It turns out that one or both of these instruments drifts a little over time. It's good to remove such trends before proceeding. Also, because there is a tapering of the volume signal at the end, we should clip it out.
n.clip <- 350 # Number of terminal volume values to eliminate
n <- length(data$Volume) - n.clip
indexes <- 1:n
v <- residuals(lm(data$Volume[indexes] ~ indexes))
expansion <- residuals(lm(data$Expansion[indexes] ~ indexes)
I resample the less-frequent series in order to get the most precision out of the result.
e.frequency <- 32 # Herz
v.frequency <- 100 # Herz
e <- sapply(1:length(v), function(t) resample(expansion, e.frequency*t/v.frequency))
Now the cross-correlation can be computed--for efficiency we search only a reasonable window of lags--and the lag where the maximum value is found can be identified.
lag.max <- 5 # Seconds
lag.min <- -2 # Seconds (use 0 if expansion must lag volume)
time.range <- (lag.min*v.frequency):(lag.max*v.frequency)
data.cor <- sapply(time.range, function(i) cor.cross(e, v, i))
i <- time.range[which.max(data.cor)]
print(paste("Expansion lags volume by", i / v.frequency, "seconds."))
The output tells us that expansion lags volume by 1.85 seconds. (If the last 3.5 seconds of data weren't clipped, the output would be 1.84 seconds.)
It's a good idea to check everything in several ways, preferably visually. First, the cross-correlation function:
plot(time.range * (1/v.frequency), data.cor, type="l", lwd=2,
xlab="Lag (seconds)", ylab="Correlation")
points(i * (1/v.frequency), max(data.cor), col="Red", cex=2.5)
Next, let's register the two series in time and plot them together on the same axes.
normalize <- function(x) {
#
# Normalize vector `x` to the range 0..1.
#
x.max <- max(x); x.min <- min(x); dx <- x.max - x.min
if (dx==0) dx <- 1
(x-x.min) / dx
}
times <- (1:(n-i))* (1/v.frequency)
plot(times, normalize(e)[(i+1):n], type="l", lwd=2,
xlab="Time of volume measurement, seconds", ylab="Normalized values (volume is red)")
lines(times, normalize(v)[1:(n-i)], col="Red", lwd=2)
It looks pretty good! We can get a better sense of the registration quality with a scatterplot, though. I vary the colors by time to show the progression.
colors <- hsv(1:(n-i)/(n-i+1), .8, .8)
plot(e[(i+1):n], v[1:(n-i)], col=colors, cex = 0.7,
xlab="Expansion (lagged)", ylab="Volume")

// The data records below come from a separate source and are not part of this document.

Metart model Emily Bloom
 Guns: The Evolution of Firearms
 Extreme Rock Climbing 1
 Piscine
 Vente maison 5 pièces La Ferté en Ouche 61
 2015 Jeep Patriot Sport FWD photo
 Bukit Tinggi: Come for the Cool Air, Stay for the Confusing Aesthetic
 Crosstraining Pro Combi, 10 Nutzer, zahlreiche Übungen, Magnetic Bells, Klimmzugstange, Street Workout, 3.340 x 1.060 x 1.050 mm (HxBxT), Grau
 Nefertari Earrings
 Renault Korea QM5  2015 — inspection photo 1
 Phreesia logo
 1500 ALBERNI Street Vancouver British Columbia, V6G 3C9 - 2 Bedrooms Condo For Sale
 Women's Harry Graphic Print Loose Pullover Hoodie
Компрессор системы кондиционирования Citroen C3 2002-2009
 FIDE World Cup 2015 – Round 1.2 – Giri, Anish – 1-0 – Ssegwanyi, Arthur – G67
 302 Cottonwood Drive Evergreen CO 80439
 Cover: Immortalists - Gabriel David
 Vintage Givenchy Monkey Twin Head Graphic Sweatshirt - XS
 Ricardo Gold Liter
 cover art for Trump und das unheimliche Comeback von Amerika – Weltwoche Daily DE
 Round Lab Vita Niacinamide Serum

We're looking for the points to track back and forth along a line: variations from that reflect nonlinearities in the time-lagged response of expansion to volume. Although there are some variations, they are pretty small. Yet, how these variations change over time may be of some physiological interest. The wonderful thing about statistics, especially its exploratory and visual aspect, is how it tends to create good questions and ideas along with useful answers.